Top of Raw data

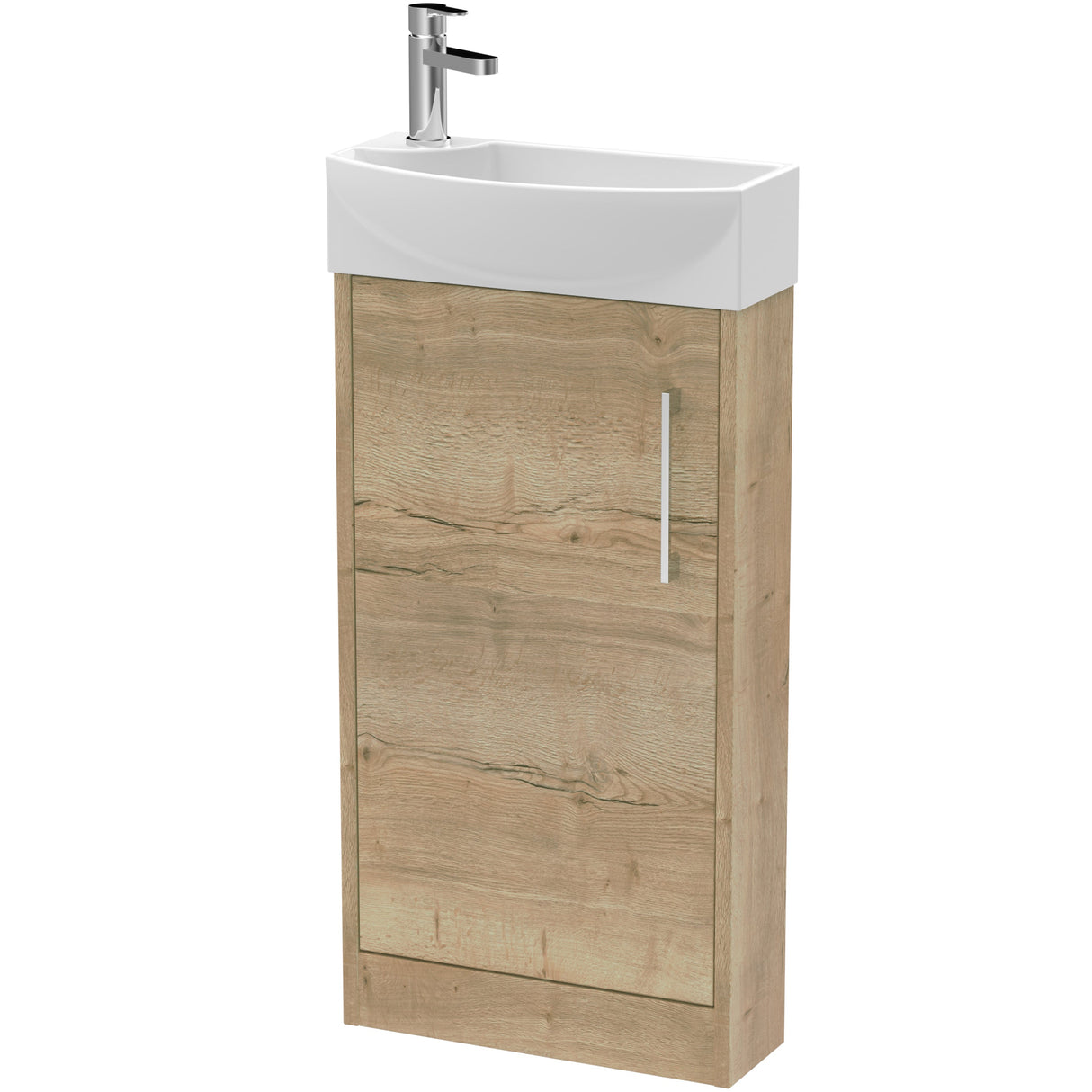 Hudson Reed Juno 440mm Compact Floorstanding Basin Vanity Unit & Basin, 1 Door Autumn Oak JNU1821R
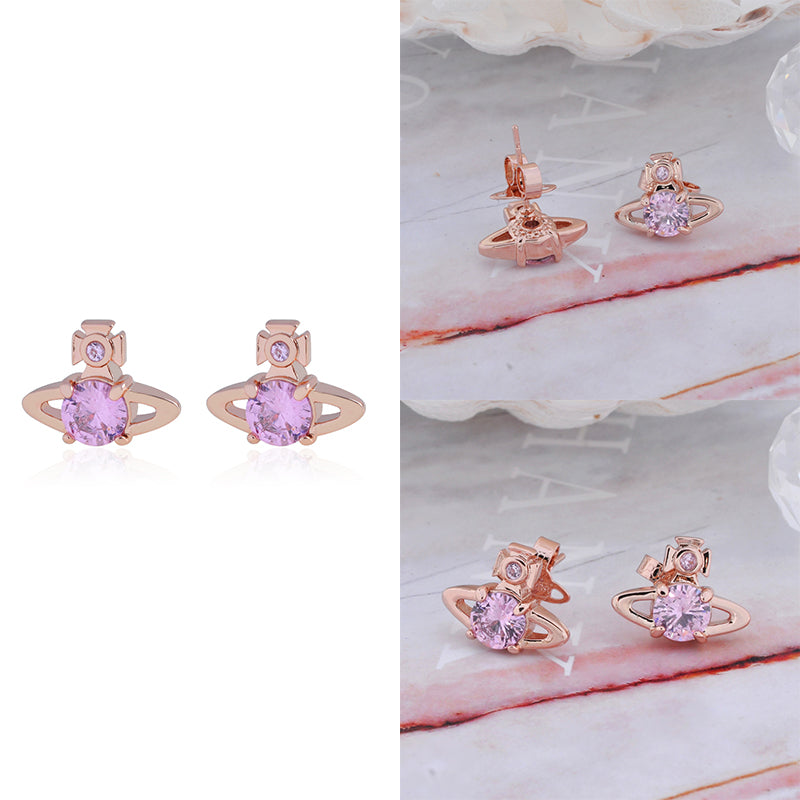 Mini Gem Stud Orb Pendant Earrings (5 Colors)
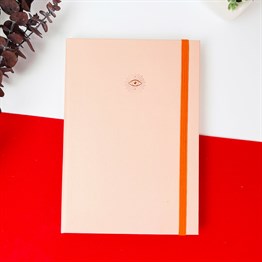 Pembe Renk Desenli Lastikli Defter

Bottom of Raw data

The task → The task calls for repeating each line above exactly while excluding the pictures.

Reply →
 Hudson Reed Juno 440mm Compact Floorstanding Basin Vanity Unit & Basin, 1 Door Autumn Oak JNU1821R
 Mini Gem Stud Orb Pendant Earrings (5 Colors)
 Pembe Renk Desenli Lastikli Defter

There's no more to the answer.